Rob William’s Miss Fury weaves an interesting premise around an eccentric protagonist. That makes for a rather interesting, albeit familiar first issue.

WRITTEN BY: Rob Williams
ART BY: Jack Herbert
PRICE: $2.99
RELEASE: April 3rd , 2013

Miss Fury is three parts Catwoman, one part Black Panther, and one part original. Which is to say this “new” character from William’s borrows from a lot of different places. Yet, while Miss Fury should falter on these merits, it’s actually where the story succeeds the most.

The story follows a rich female who has grown so accustomed to a life of luxury that nothing seems to excite her anymore. Naturally she dons a cape and cowl, and excitement rockets back into her life. The issue picks up in the heat of a battle, and we’re quickly introduced to Miss Fury’s powers. She’s able to kick some serious ass too. From the opening pages of the issue it is very clear Miss Fury doesn’t mess around.

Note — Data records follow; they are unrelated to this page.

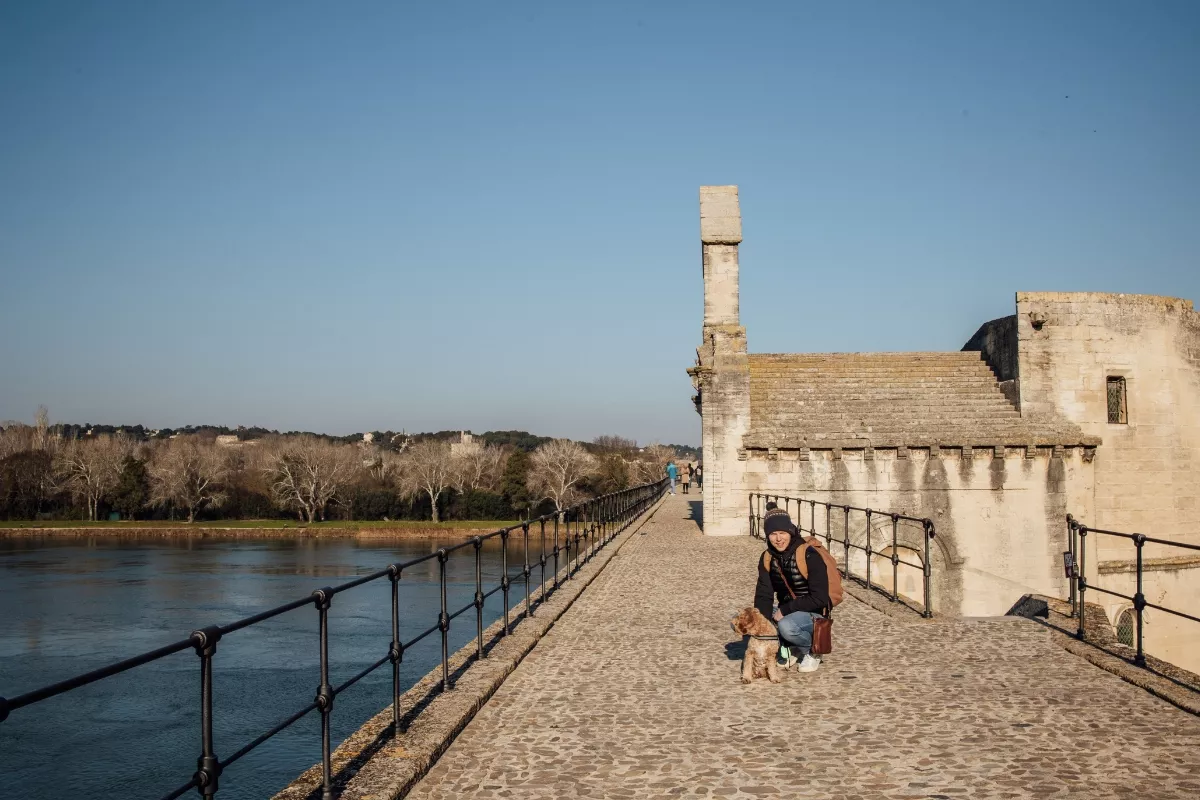 Puente de Avignon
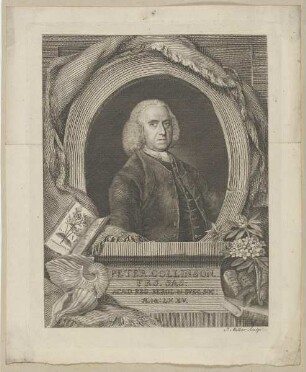 Bildnis des Peter Collinson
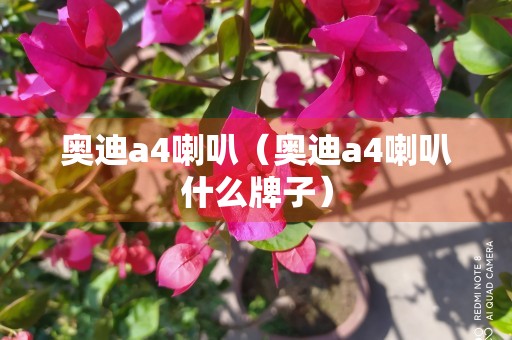 奥迪a4喇叭（奥迪a4喇叭什么牌子）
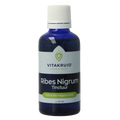 Vitakruid Ribes Nigrum Zwarte bes tinctuur 1:10 50 Milliliter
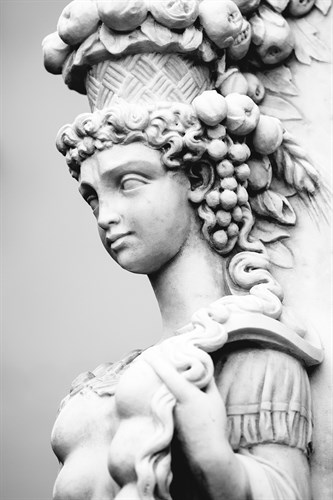 Pillared Beauty - Irene Suchocki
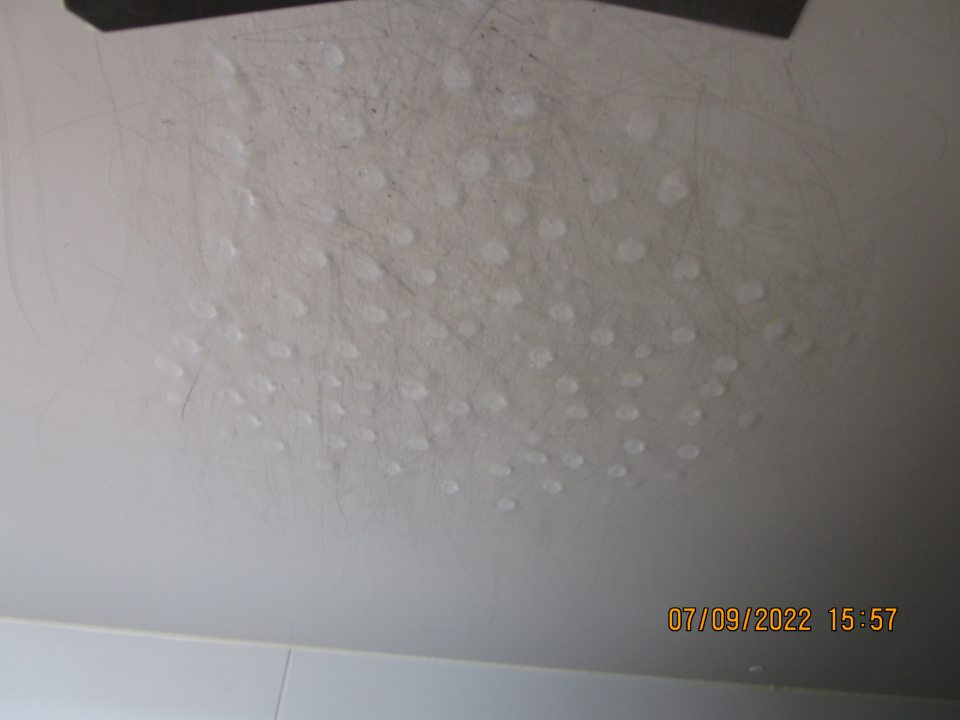 v zázemí v mraziacom boxe s pekár. výrobkami výskyt námrazy na strope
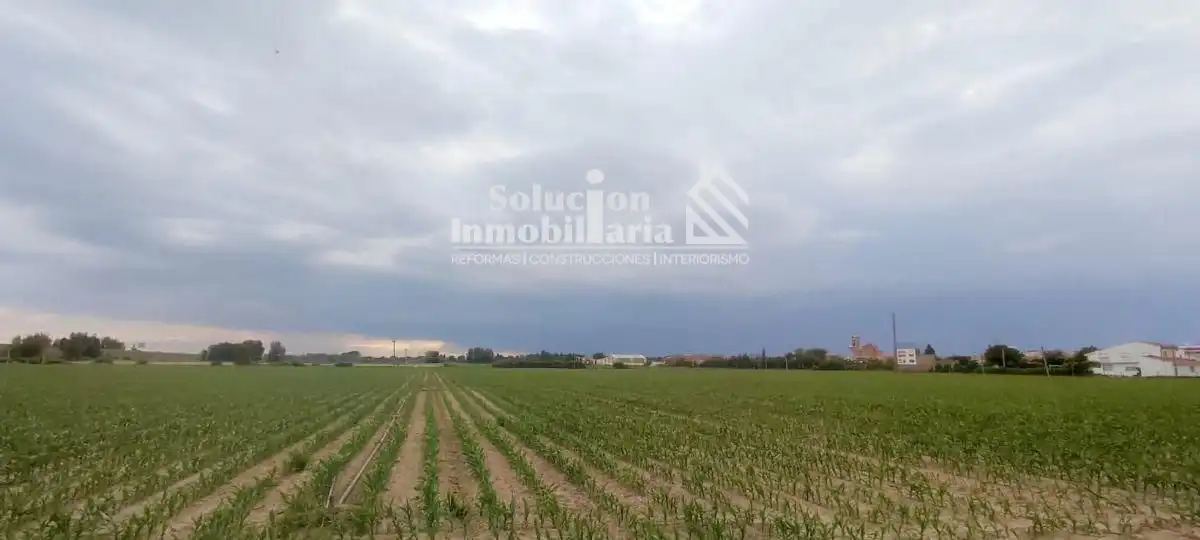 Land for sale in Encinas de Abajo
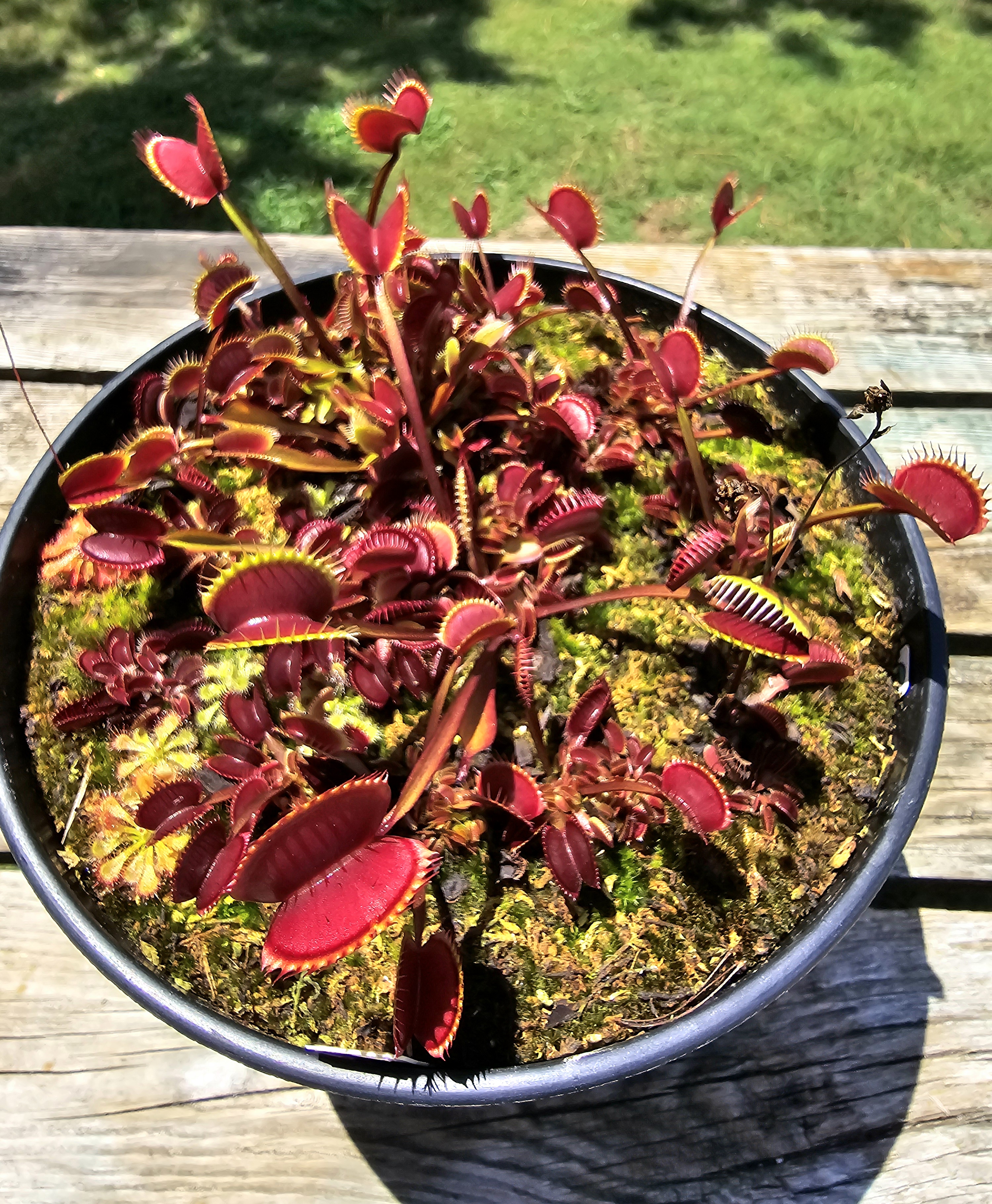 FTS Maroon Monster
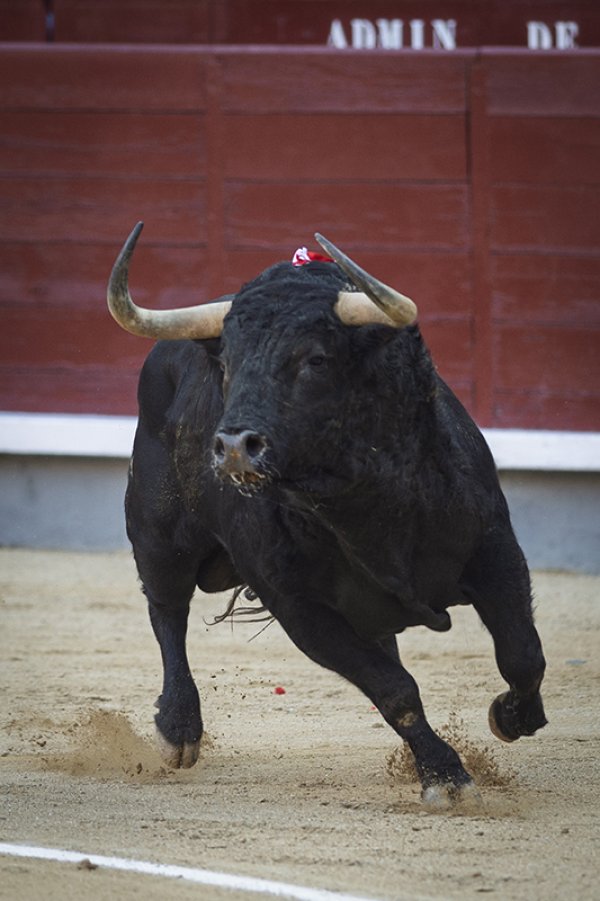 Asociación EL TORO de Madrid4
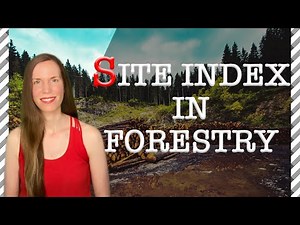 Site Index in FORESTRY: 4 Things You Must Know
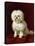 A Poodle-Henriette Ronner-Knip-Stretched Canvas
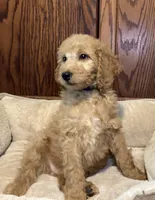 Andy, a male Goldendoodle for sale in Shawnee, OK – Photo 6 of 8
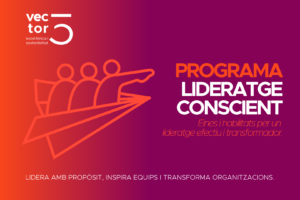Programa lideratge conscient - Verctor5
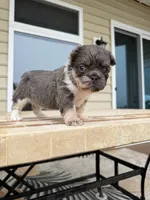 Chloe, a female French Bulldog for sale in Berlin, MD – 9 of 9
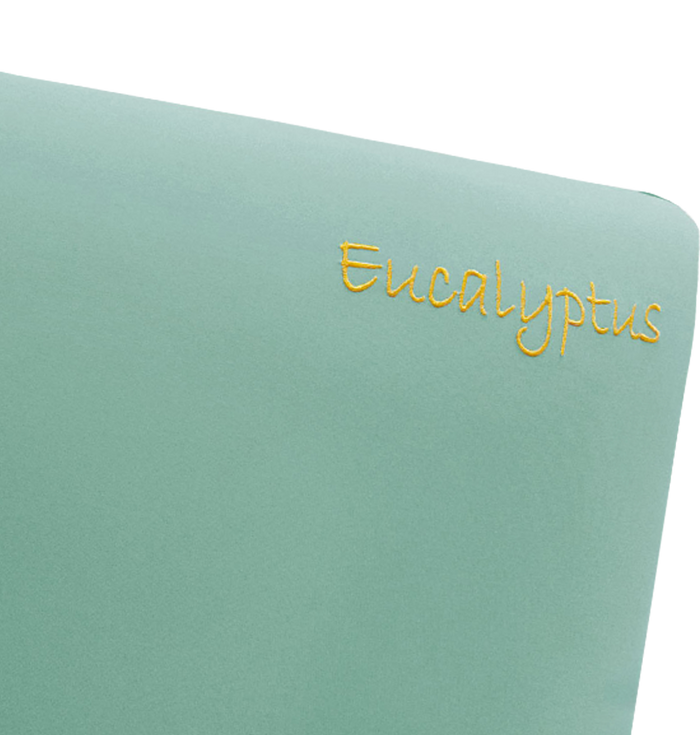 Aroma Eucalyptus Infused Memory Foam Pillow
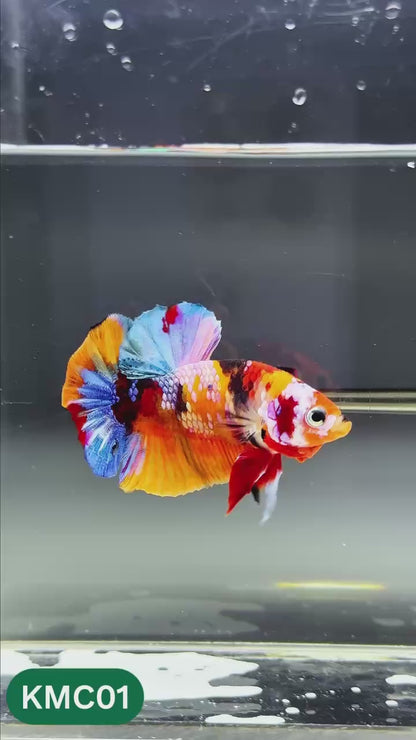Multicolor Yellow Base Plakat Male Betta Fish | Order Directly From Farm |  You Pick Fish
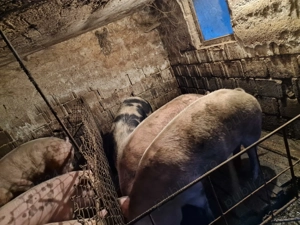 Porci de vânzare  - imagine 3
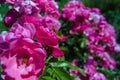 Bush of fluffy pink roses in sunny day. Romantic florets on blurred green leaves background in garden. Close up of bushes with Royalty Free Stock Photo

After a brief introduction, we are given some background information on the protagonist. This is where the story staggers the most. We’ve seen Miss Fury’s origin a thousand times, and we’ll see it a thousand more. The whole thing proves to be unoriginal and not very interesting.

Once the actual plot picks up, the issue is in high gear. The plot involves time travel. The beat that concludes this issue left me wanting more, and left me overly excited as to the potential storylines this series could unravel. Pacing was pretty equally balanced between plot and origin. Which is a difficult thing to do in a first issue. Props have to be given to Williams for an exquisite script.

Jack Herbert’s art is clean, well motivated, and unique. His use of forced high and low perspectives gave me the feeling of looking up at, or down upon the characters with each page. A couple huge spreads really make the issue come to life, particularly a page with shattering glass, or a full page of our protagonist in the bathtub. The art is so dynamic that the entire issue flows with unprecedented speed. Herbert’s attention to facial expressions reminded me of some of Steve Dillion’s work on “Preacher”. Which is a compliment of the highest order. One of his character designs surely must be a tribute to Dillion, if not I’ll eat my damn hat.

“Miss Fury” # 1 is an impressive first issue with a protagonist that we’ve all seen before. Yet, an imaginative and original plot and some rather impressive art let this book stand out among the other number one’s out there. If the frenzied pace keeps up, and the setup from this issue has proper payoff, we’re looking at one helluva great new series.